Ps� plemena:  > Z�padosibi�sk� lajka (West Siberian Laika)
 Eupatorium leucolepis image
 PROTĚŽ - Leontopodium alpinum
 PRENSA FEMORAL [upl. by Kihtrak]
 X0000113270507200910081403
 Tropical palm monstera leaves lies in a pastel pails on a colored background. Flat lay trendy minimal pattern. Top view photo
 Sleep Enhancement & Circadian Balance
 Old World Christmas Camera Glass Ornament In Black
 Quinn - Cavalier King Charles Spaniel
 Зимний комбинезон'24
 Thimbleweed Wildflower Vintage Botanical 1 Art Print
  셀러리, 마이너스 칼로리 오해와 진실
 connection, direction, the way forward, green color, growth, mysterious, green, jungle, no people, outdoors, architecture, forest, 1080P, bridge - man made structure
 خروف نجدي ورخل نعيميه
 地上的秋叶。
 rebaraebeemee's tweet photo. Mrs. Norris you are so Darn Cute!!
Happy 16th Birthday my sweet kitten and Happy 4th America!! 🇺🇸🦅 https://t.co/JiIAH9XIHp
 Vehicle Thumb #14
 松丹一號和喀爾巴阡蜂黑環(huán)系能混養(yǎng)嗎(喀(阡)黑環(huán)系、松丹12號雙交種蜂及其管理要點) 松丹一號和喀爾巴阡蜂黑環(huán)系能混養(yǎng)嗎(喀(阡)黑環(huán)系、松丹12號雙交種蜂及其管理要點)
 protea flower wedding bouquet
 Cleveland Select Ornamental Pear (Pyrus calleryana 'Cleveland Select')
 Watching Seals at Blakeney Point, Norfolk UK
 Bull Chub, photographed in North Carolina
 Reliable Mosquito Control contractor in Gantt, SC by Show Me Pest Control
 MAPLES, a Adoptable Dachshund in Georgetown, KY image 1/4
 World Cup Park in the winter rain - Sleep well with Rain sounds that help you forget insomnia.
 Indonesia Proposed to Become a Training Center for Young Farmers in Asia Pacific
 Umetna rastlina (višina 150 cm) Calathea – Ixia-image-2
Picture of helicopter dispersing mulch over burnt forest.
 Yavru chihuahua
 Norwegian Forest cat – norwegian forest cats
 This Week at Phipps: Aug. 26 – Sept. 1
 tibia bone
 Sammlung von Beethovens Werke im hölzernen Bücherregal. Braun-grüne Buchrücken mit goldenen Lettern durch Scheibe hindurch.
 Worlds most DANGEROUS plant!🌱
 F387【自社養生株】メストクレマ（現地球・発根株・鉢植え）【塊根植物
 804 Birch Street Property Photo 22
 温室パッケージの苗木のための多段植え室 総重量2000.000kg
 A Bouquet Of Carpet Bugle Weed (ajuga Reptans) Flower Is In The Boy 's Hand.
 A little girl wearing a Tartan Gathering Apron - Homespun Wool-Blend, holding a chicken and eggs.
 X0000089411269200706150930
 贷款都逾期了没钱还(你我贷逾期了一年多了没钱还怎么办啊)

▬▬▬▬▬▬

Problem description. Everything above from the line containing "Tropical palm monstera" through the line containing "셀러리, 마이너스 칼로리 오해와 진실" must be copied exactly. Nothing outside that range belongs in the answer.

Exercise response.
 Tropical palm monstera leaves lies in a pastel pails on a colored background. Flat lay trendy minimal pattern. Top view photo
 Sleep Enhancement & Circadian Balance
 Old World Christmas Camera Glass Ornament In Black
 Quinn - Cavalier King Charles Spaniel
 Зимний комбинезон'24
 Thimbleweed Wildflower Vintage Botanical 1 Art Print
  셀러리, 마이너스 칼로리 오해와 진실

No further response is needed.